Today Alison and I celebrate our 1-month anniversary. No huge deal, really, but it hardly feels like a month has passed. Alison claims it feels as if the day never happened. I would tend to agree...it all flew by so fast, and all of the sudden things were back to normal again. People keep telling me that it did in fact happen, and that it was enjoyable, so I suppose I'll take their word for it.

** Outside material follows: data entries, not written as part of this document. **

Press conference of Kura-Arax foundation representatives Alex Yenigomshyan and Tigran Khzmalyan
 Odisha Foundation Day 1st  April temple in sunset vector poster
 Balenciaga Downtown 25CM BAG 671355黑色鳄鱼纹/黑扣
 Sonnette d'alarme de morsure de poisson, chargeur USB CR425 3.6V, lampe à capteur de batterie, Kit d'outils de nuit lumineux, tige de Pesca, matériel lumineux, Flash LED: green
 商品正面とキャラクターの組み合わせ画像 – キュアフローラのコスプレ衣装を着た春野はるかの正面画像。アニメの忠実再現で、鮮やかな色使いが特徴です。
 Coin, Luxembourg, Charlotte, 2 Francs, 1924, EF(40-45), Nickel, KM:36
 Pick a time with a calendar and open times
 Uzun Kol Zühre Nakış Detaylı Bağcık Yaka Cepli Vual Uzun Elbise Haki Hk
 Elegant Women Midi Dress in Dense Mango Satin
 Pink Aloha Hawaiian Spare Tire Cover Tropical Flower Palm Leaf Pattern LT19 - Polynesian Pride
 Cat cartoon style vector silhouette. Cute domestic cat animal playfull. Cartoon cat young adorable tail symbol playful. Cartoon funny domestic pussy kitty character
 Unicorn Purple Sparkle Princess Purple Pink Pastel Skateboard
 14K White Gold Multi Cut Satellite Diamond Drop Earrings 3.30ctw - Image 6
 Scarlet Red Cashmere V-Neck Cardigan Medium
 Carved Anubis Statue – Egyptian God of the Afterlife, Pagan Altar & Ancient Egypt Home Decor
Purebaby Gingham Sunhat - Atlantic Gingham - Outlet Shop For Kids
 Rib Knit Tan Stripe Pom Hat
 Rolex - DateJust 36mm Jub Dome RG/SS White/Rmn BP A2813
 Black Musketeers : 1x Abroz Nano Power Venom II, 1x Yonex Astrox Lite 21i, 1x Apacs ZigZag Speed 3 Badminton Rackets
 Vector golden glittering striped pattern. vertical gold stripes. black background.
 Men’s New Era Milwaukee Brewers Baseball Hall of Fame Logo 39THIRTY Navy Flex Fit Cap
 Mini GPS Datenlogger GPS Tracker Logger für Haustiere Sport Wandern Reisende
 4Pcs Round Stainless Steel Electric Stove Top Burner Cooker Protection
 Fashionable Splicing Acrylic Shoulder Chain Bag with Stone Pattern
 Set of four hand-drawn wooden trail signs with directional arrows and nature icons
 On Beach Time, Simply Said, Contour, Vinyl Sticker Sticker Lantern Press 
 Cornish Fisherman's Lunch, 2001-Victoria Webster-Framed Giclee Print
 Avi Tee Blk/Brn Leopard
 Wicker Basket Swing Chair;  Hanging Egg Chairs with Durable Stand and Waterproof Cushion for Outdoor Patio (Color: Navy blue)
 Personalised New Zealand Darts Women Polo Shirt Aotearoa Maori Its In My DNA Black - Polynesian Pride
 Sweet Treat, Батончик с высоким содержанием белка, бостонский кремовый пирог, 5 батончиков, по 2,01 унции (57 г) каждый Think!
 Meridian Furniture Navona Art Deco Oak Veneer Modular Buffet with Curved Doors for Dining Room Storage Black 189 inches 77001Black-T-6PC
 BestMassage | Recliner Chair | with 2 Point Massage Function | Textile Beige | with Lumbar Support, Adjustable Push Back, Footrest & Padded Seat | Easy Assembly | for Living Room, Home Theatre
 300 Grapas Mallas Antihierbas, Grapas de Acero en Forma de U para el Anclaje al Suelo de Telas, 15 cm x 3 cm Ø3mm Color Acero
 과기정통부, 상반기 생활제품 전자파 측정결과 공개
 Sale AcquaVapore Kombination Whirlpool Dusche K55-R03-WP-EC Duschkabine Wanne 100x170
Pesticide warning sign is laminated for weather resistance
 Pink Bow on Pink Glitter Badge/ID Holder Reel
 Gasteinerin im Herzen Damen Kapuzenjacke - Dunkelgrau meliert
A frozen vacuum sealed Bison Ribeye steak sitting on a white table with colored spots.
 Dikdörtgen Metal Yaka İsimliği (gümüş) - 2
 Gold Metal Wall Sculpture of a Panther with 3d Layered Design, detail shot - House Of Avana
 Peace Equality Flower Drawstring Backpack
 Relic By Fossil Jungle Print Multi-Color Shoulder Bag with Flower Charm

Today also marks another important milestone. One year ago today I gained access to the lower duplex on Saint Clair Ave. The next year was spent figuring out how to not suck at teaching, how to live with a girl, and planning/executing a wedding. I have learned a lot in my first year of truly being on my own. Alison and I have been making several upgrades to our living space - buying furniture in an effort to organize and find a place for everything. In the last year this place has never quite felt settled, but we're getting there.
In fact, that feeling of instability has dominated this past year in general. I think when you are a new member in a community, job, or living situation, it takes awhile to acclimate and to adjust. I know I'm still adjusting, but some of the pieces are starting to lock in. I spent some time at work today figuring out curriculum for my HS General Music class. This is my second time teaching it, and the frantic worry of making everything up is gone, since I've done it once before. The revision process is far less stressful than the creation process, let me tell you what. I've always hated being the new guy.
In unrelated news, go over to virb.com and listen to Bon Iver (AKA Justin Vernon)'s new record "For Emma, Forever Ago." It's beautiful.